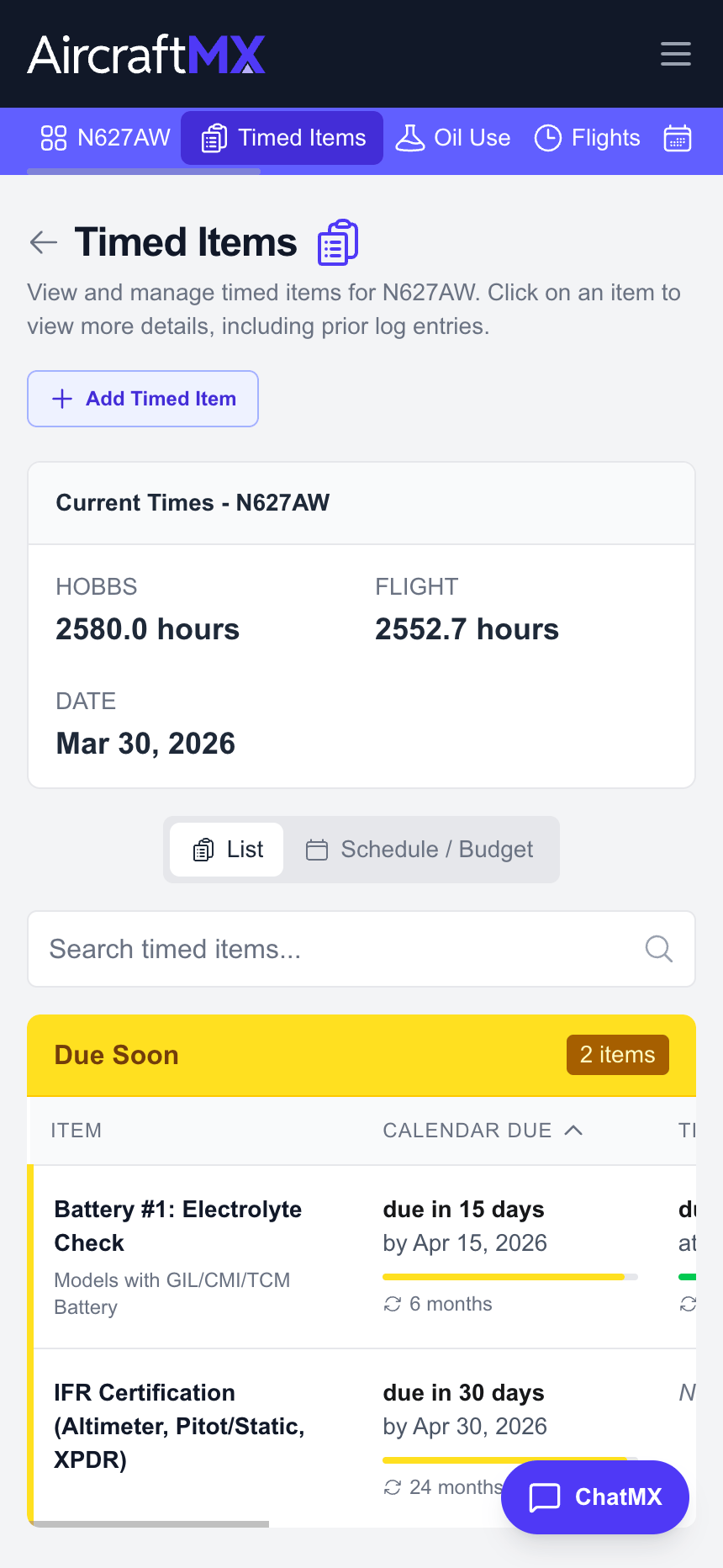 AircraftMX Timed Items mobile view with maintenance due dates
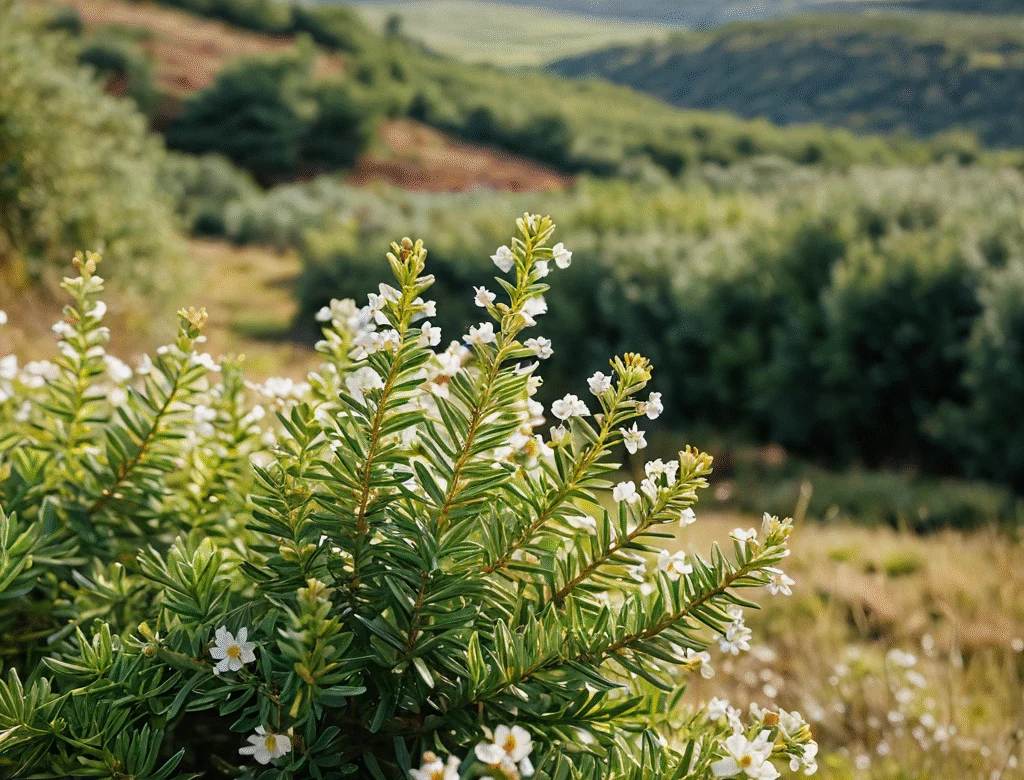 Frische grüne Kräuter im Garten bei Tageslicht — Beitragsbild zu „Wacholder“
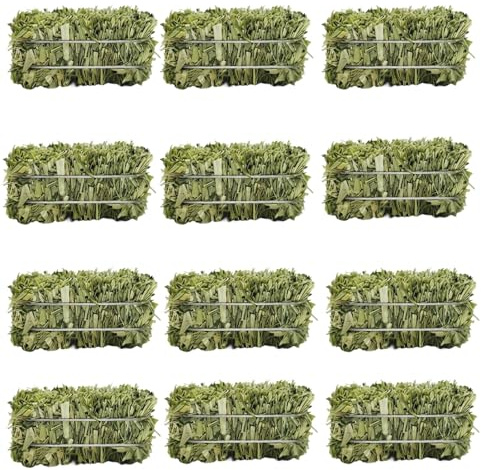 YHomU 12 Pcs Mini Hay Bales: 1 X 1.25 X 2.5 In Decorative Straw Bale For Thanksgiving, Dollhouse, Farmhouse Decorations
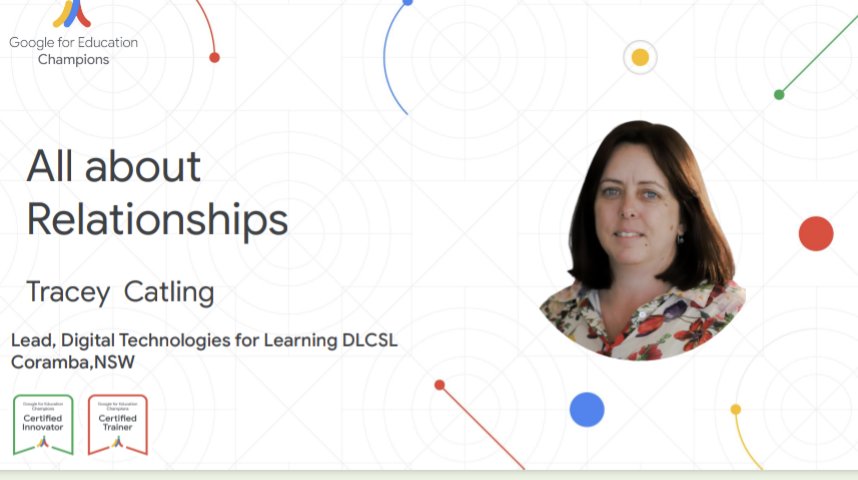 Looking forward to 3 days in Sydney at the Google Champion's Symposium.
I put myself out there again..with a 5 minute coffee talk  all about relationships! 
#Googlechampions #SYD19 #GoogleEI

== == ==

> _THE PROBLEM_: Write the listing out exactly, word for word, but omit the pictures.

> _SOLUTION FOR THIS PROBLEM_:
 AircraftMX Timed Items mobile view with maintenance due dates
 Frische grüne Kräuter im Garten bei Tageslicht — Beitragsbild zu „Wacholder“
 YHomU 12 Pcs Mini Hay Bales: 1 X 1.25 X 2.5 In Decorative Straw Bale For Thanksgiving, Dollhouse, Farmhouse Decorations
 Looking forward to 3 days in Sydney at the Google Champion's Symposium.
I put myself out there again..with a 5 minute coffee talk  all about relationships! 
#Googlechampions #SYD19 #GoogleEI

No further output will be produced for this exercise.